The term gets mentioned in the Canons of Dordt. The mention is in the context of the rejection of a Remonstrant error. The specific mention is this (at 3/4:V):
(bold is the error being rejected)
Who teach that corrupt and natural man can make such good use of common grace (by which they mean the light of nature) or of the gifts remaining after the fall that he is able thereby gradually to obtain a greater grace-- evangelical or saving grace--as well as salvation itself; and that in this way God, for his part, shows himself ready to reveal Christ to all people, since he provides to all, to a sufficient extent and in an effective manner, the means necessary for the revealing of Christ, for faith, and for repentance.
For Scripture, not to mention the experience of all ages, testifies that this is false: He makes known his words to Jacob, his statutes and his laws to Israel; he has done this for no other nation, and they do not know his laws (Ps. 147:19-20); In the past God let all nations go their own way (Acts 14:16); They (Paul and his companions) were kept by the Holy Spirit from speaking God's word in Asia; and When they had come to Mysia, they tried to go to Bithynia, but the Spirit would not allow them to (Acts 16:6-7).

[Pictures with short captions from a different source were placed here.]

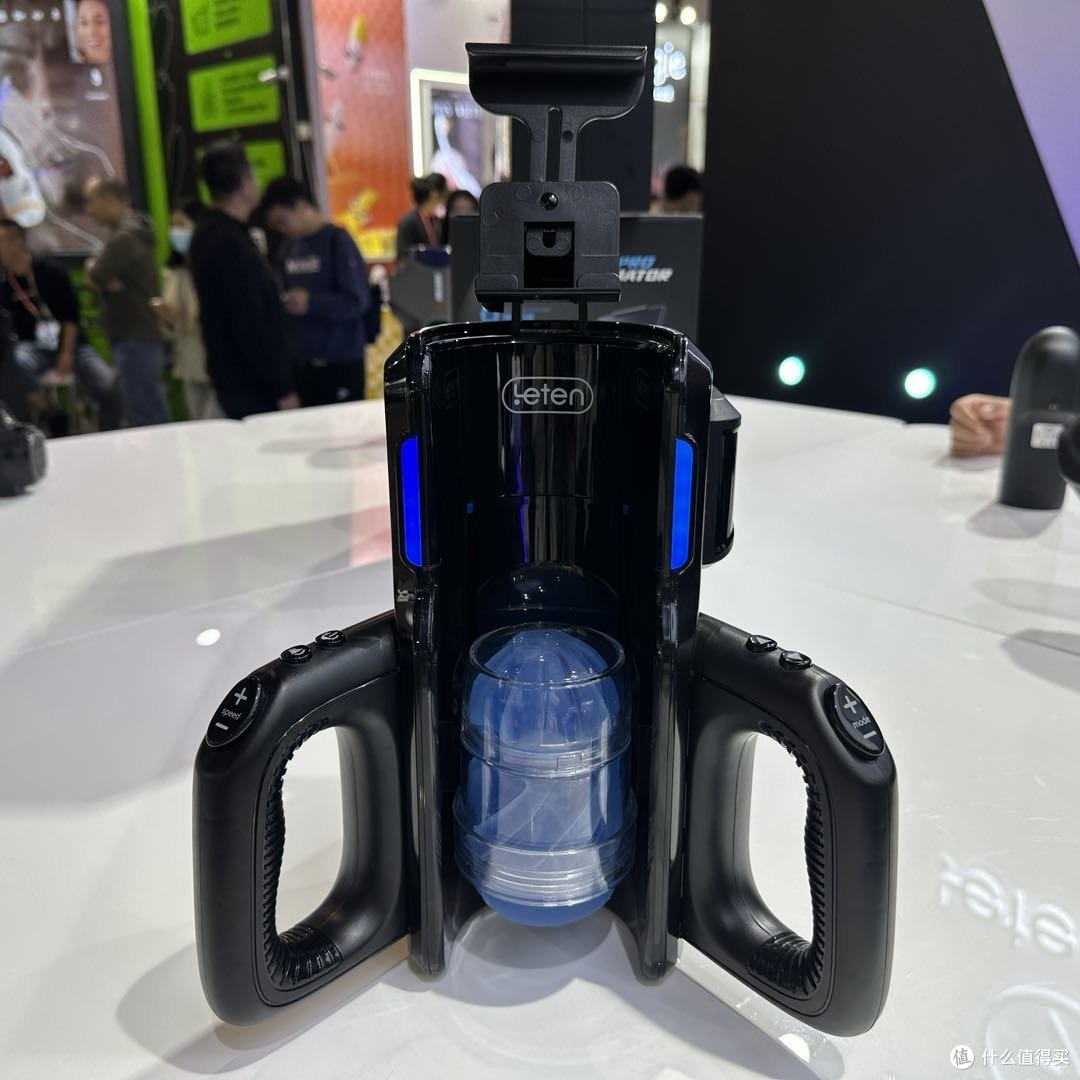 杯)(百慕大风暴号飞机杯,还真有种"掌舵"的感觉)(左到右依次是"""a380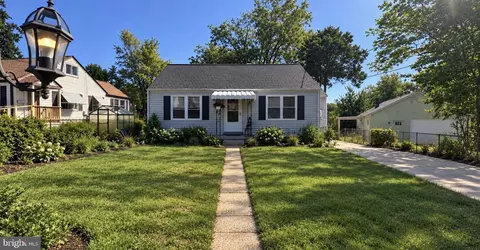 3048 Westfall Pl, Falls Church, VA 22042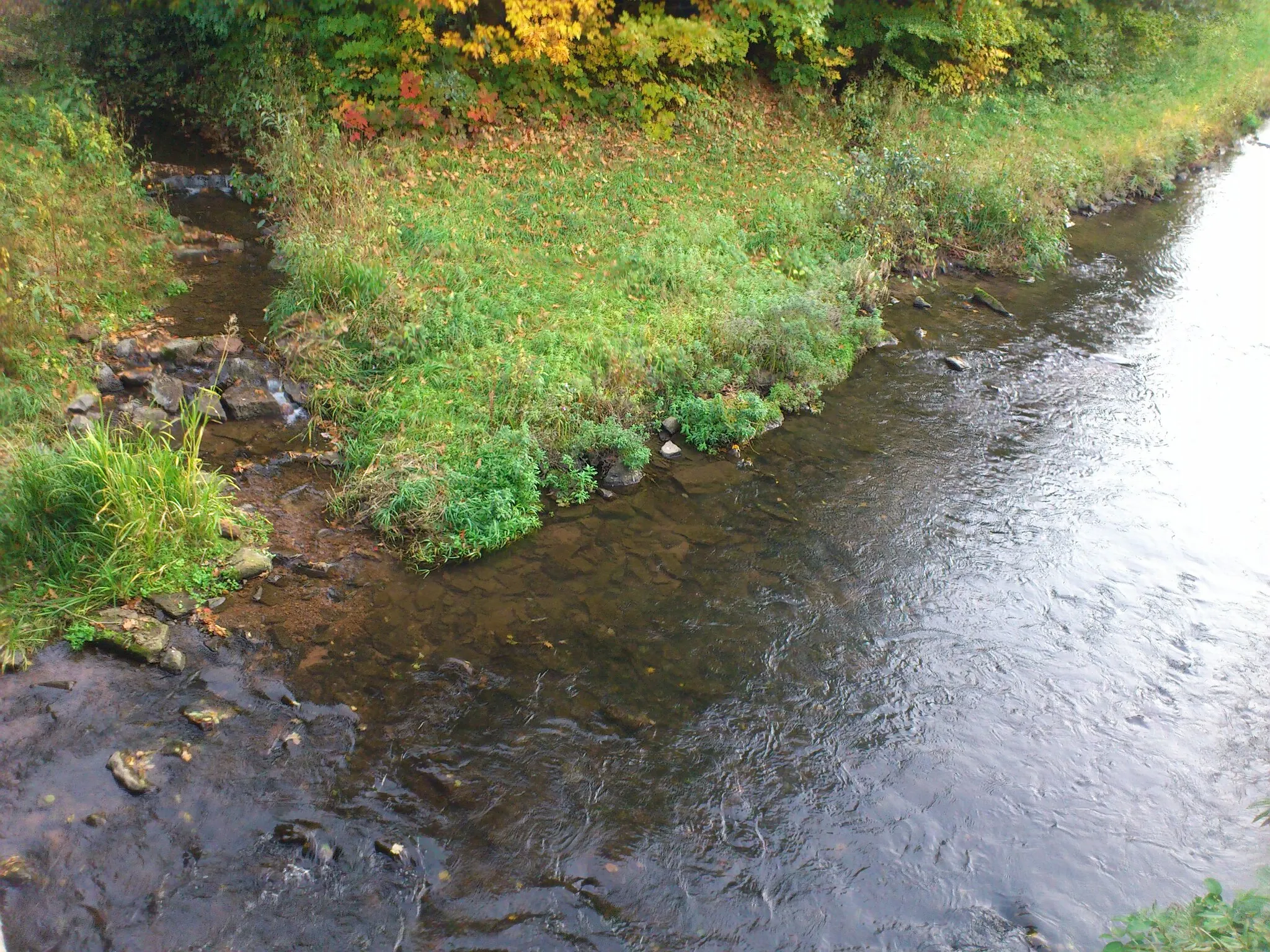 Photo showing: Der Weilbach (hinten) mündet in die Mud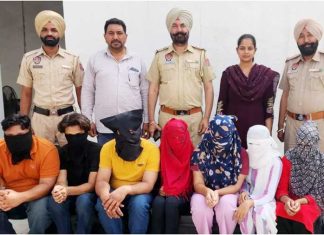 लोगों को विदेश भेजने वाले खुद हवालात में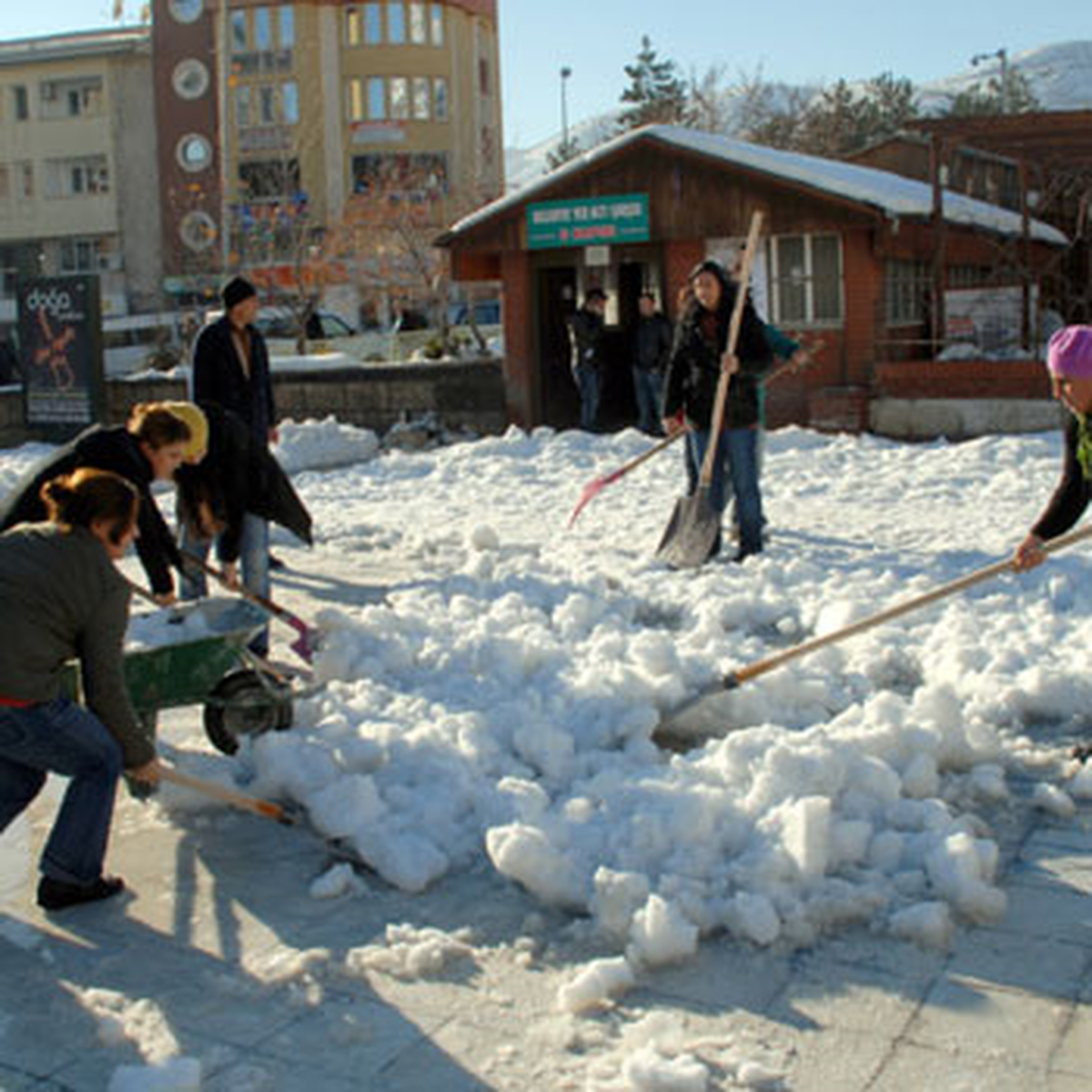Kadınlar Karla Mücadelede Görev Aldı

Notice that the Canon does not say "Those who say 'common grace' are anathema." Instead, it is a particular view of the sufficiency of common grace that is at stake. This is significant, because it means that it is not the phrase itself that is rejected.

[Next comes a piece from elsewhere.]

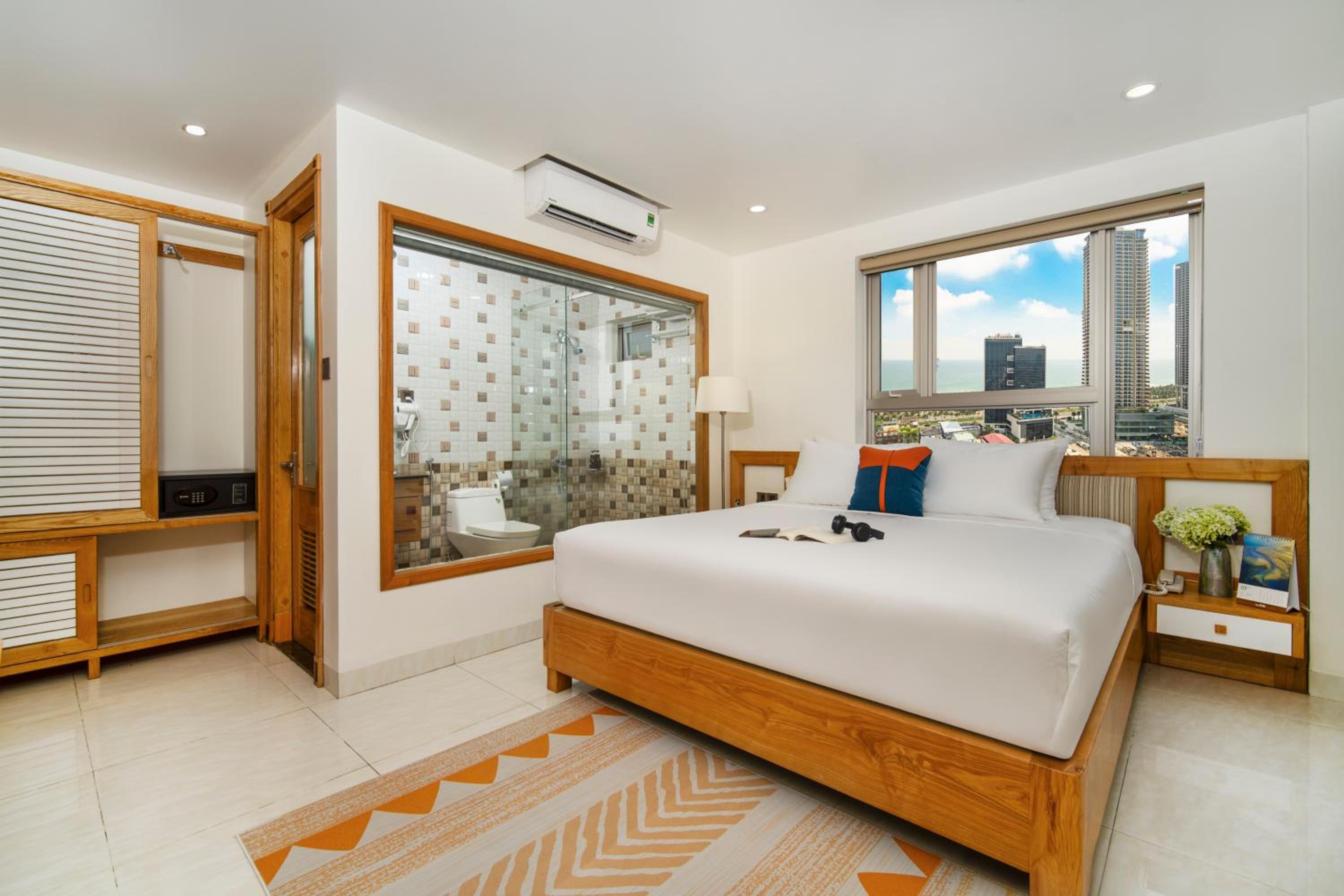 Deluxe Double Room with City View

Note that "common grace" is defined to mean "the light of nature." The same synod, however, positively expressed the view of the synod on "common grace" or "the light of nature" in this way:
Notice that the synod positively affirms that man has the light of nature, it just rejects the sufficiency of that light of nature for salvation.

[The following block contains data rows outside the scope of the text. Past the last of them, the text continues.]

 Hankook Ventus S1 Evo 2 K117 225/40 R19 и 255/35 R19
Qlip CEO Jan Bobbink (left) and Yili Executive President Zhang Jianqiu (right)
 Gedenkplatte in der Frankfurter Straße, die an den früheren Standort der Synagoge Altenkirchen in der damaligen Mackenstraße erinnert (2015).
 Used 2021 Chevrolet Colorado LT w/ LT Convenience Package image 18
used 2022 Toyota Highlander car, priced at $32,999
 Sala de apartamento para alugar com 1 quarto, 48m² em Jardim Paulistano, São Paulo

Article 4: The Inadequacy of the Light of Nature
There is, to be sure, a certain light of nature remaining in man after the fall, by virtue of which he retains some notions about God, natural things, and the difference between what is moral and immoral, and demonstrates a certain eagerness for virtue and for good outward behavior. But this light of nature is far from enabling man to come to a saving knowledge of God and conversion to him--so far, in fact, that man does not use it rightly even in matters of nature and society. Instead, in various ways he completely distorts this light, whatever its precise character, and suppresses it in unrighteousness. In doing so he renders himself without excuse before God.
I would be remiss if I did not point out that the synod says of this common grace, that "man does not use it rightly even in matters of nature and society." That is a serious blow to those who today are departing radically from the teachings of the Reformers and asserting the sufficiency of the light of nature for matters of society.
There is not a symmetry between Scripture and the light of nature, such that the light of nature is sufficient for nature and society whereas the Bible is sufficient for faith. Instead, the light of nature is utterly insufficient. So taught the Reformers, so teach the Scriptures, and so ought we to believe.